### Task to complete
Please make an exact copy of the lines from the one holding "Frying pan with" through the end of the data, both ends included, with no pictures.

[Entries shown Boundary: Start]

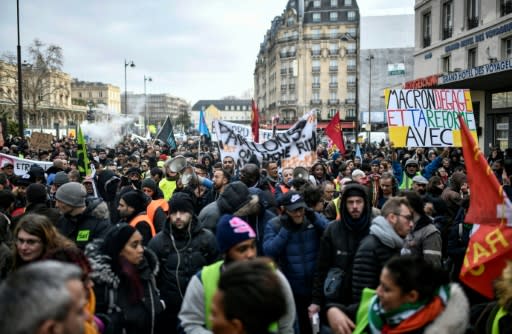 Protesters take part in a demonstration near Gare de l'Est train station in Paris on December 26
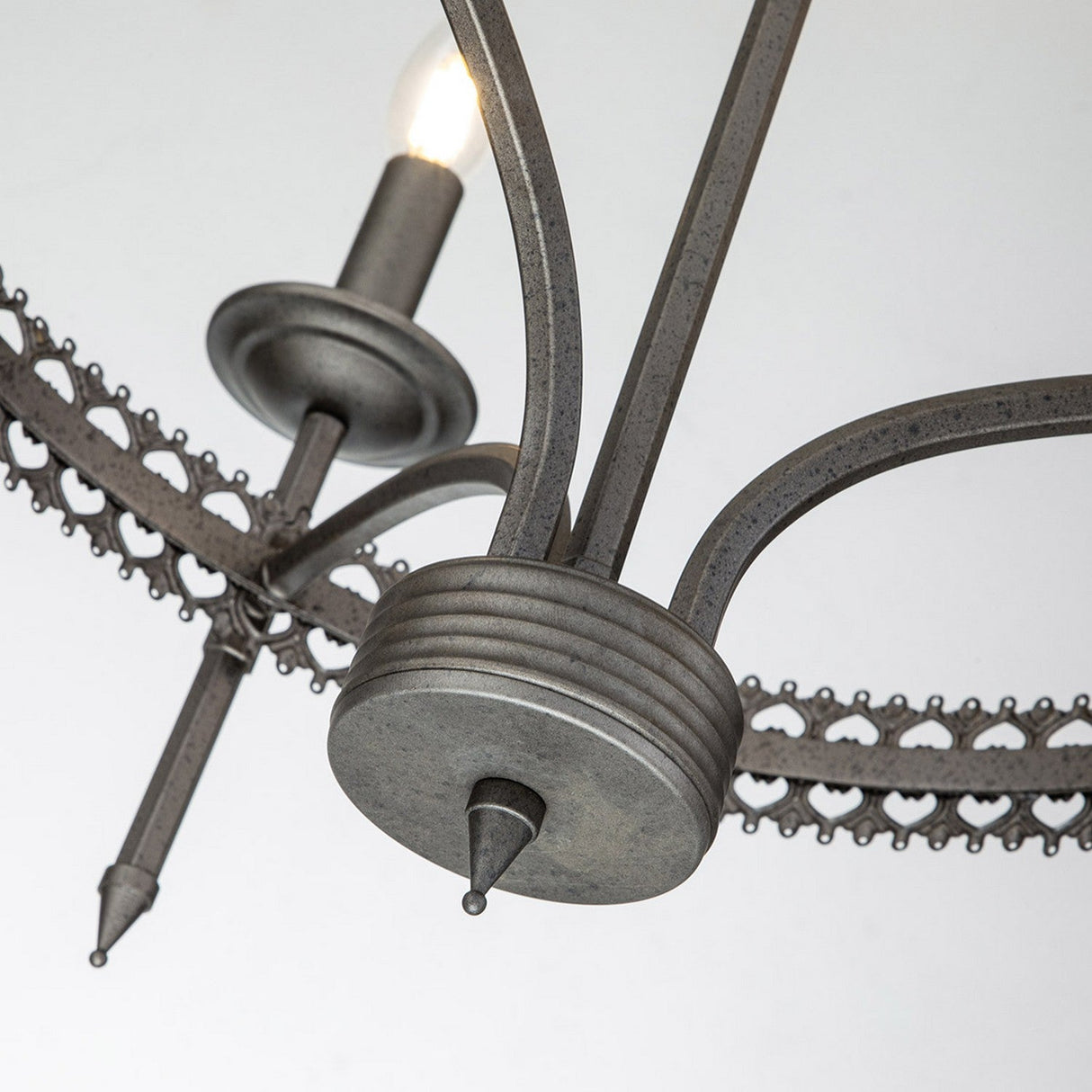 Up-close perspective of the Crown 3 Light Chandelier - Graphite, showcasing its traditional rustic metal design with a single exposed bulb. The chandelier features ornate curved metal arms and a decorative circular element, all adorned in a weathered, graphite-like industrial finish.
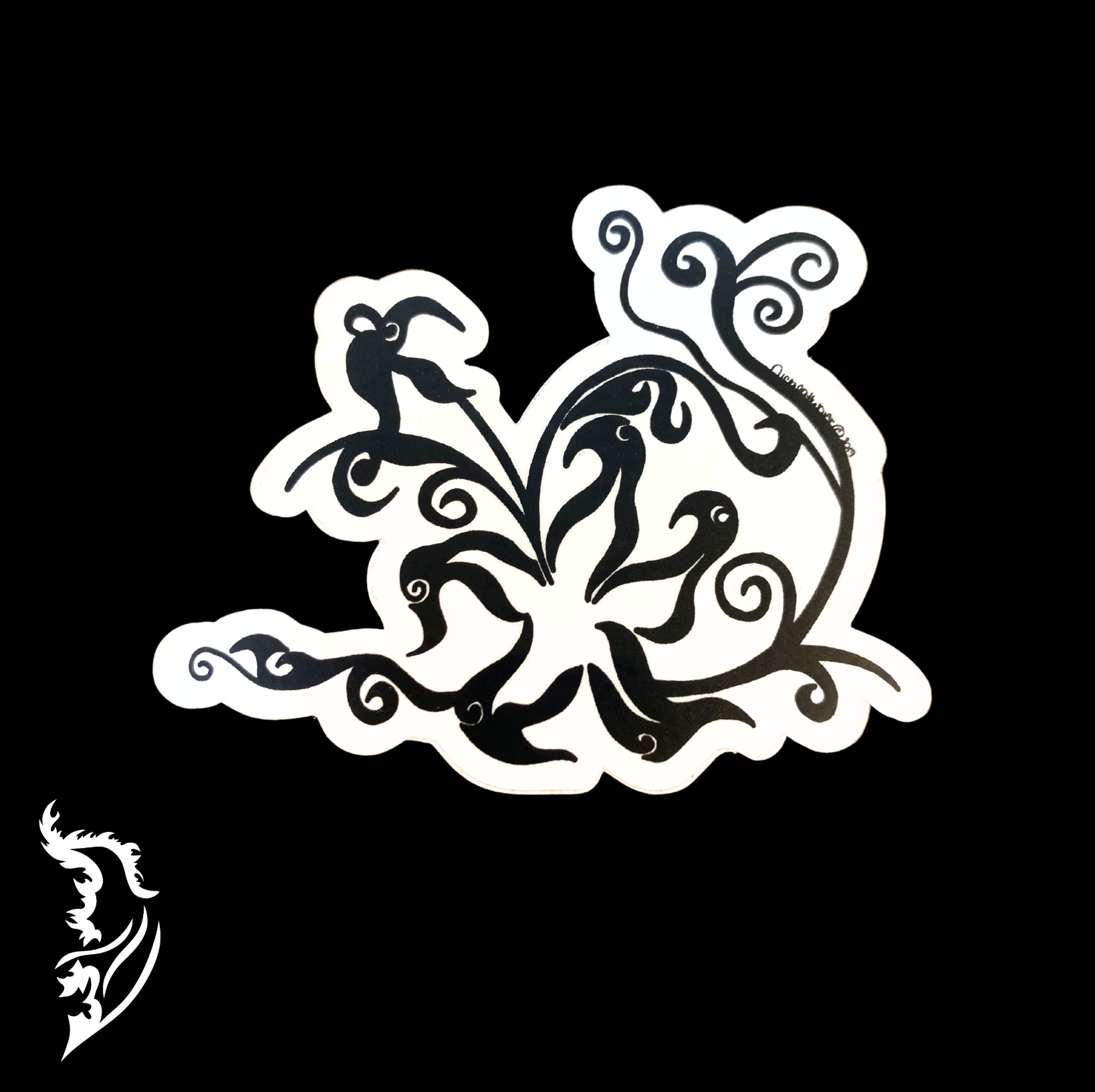 Black-and-white hand-drawn floral vinyl sticker with swirling, flowing petal design on a dark background.
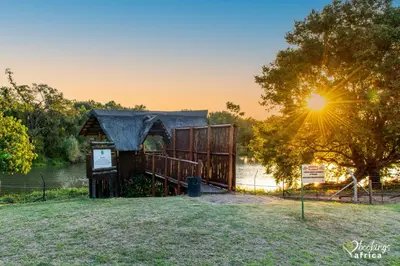 a wooden kiosk in a park with the sun setting at Kruger Park Lodge Unit 550 With Private Pool in Hazyview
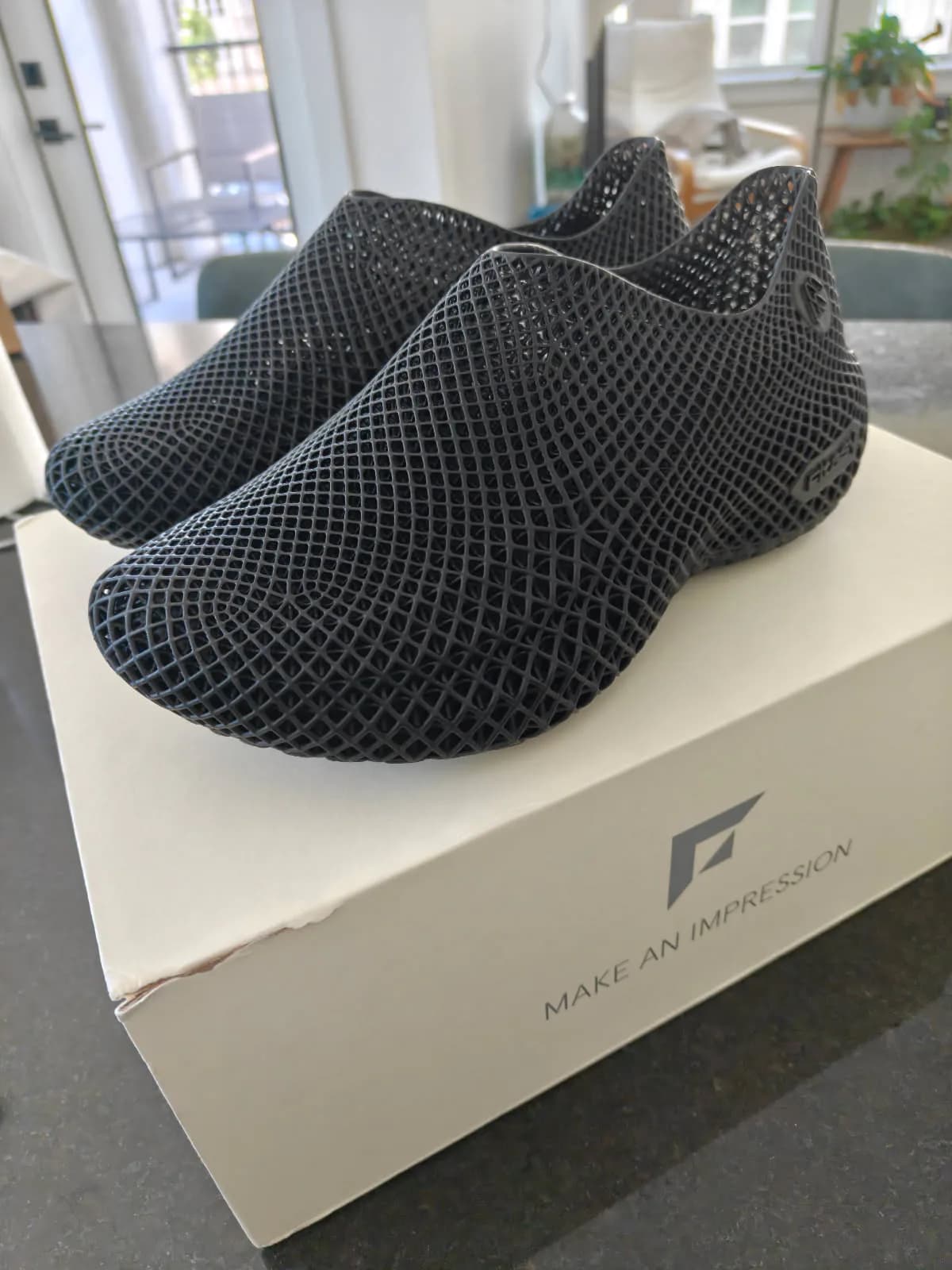 Pair of black Fitasy Stride 1.0 lattice recovery shoes resting on their box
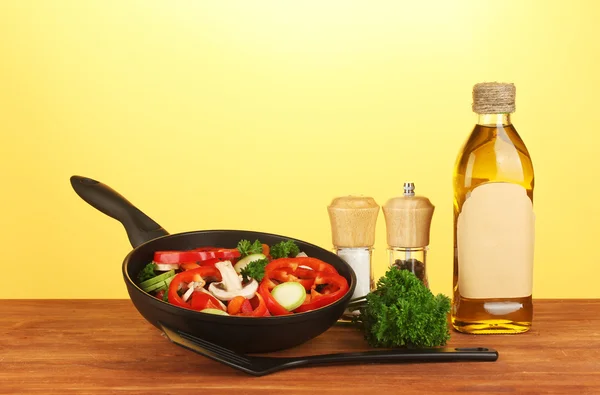 Frying pan with vegetables on yellow background — Stock Photo, Image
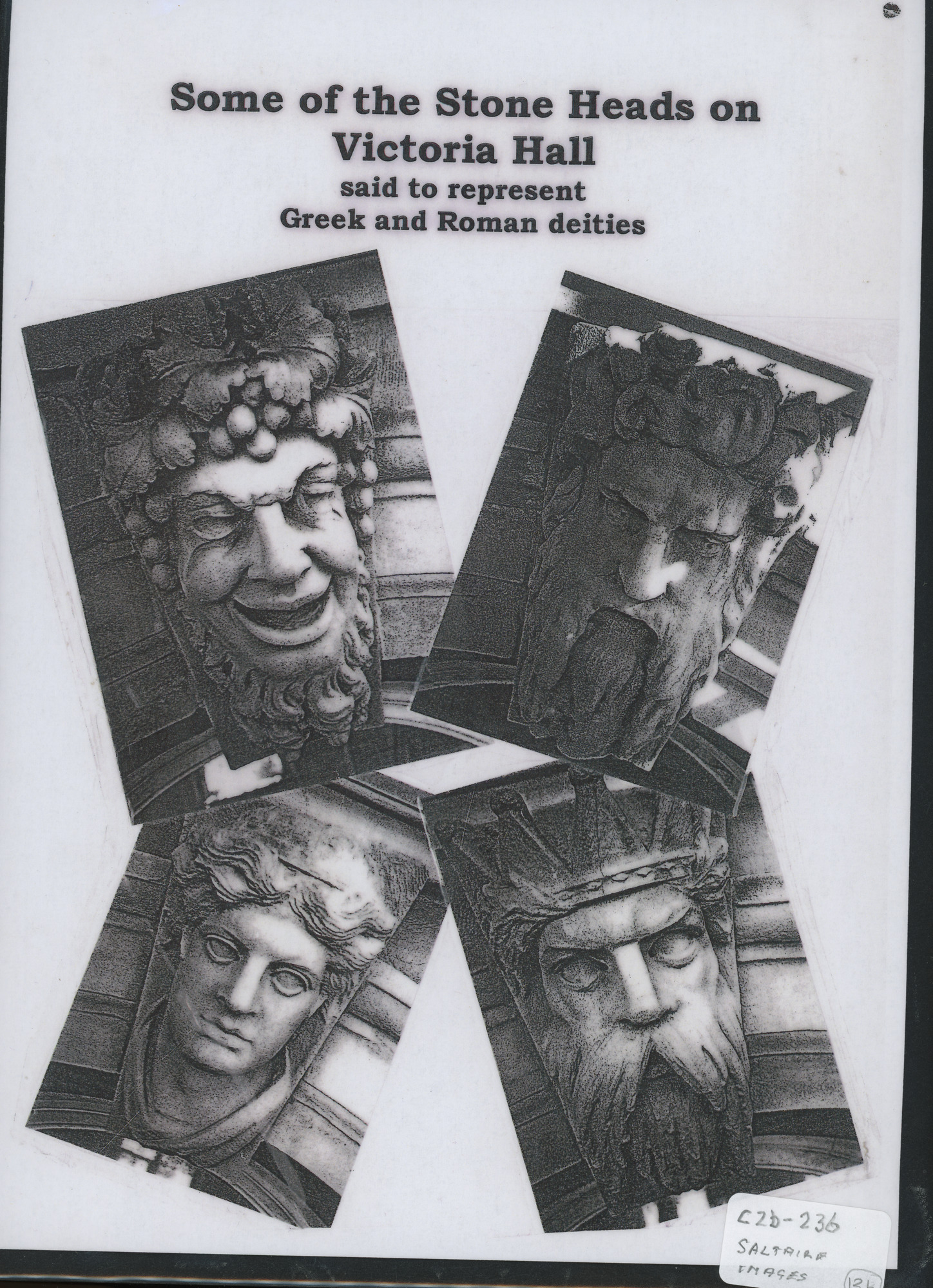 Some of the Stone Heads on Victoria Hall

[Entries shown Boundary: End]

### Exercise output
 Frying pan with vegetables on yellow background — Stock Photo, Image
 Some of the Stone Heads on Victoria Hall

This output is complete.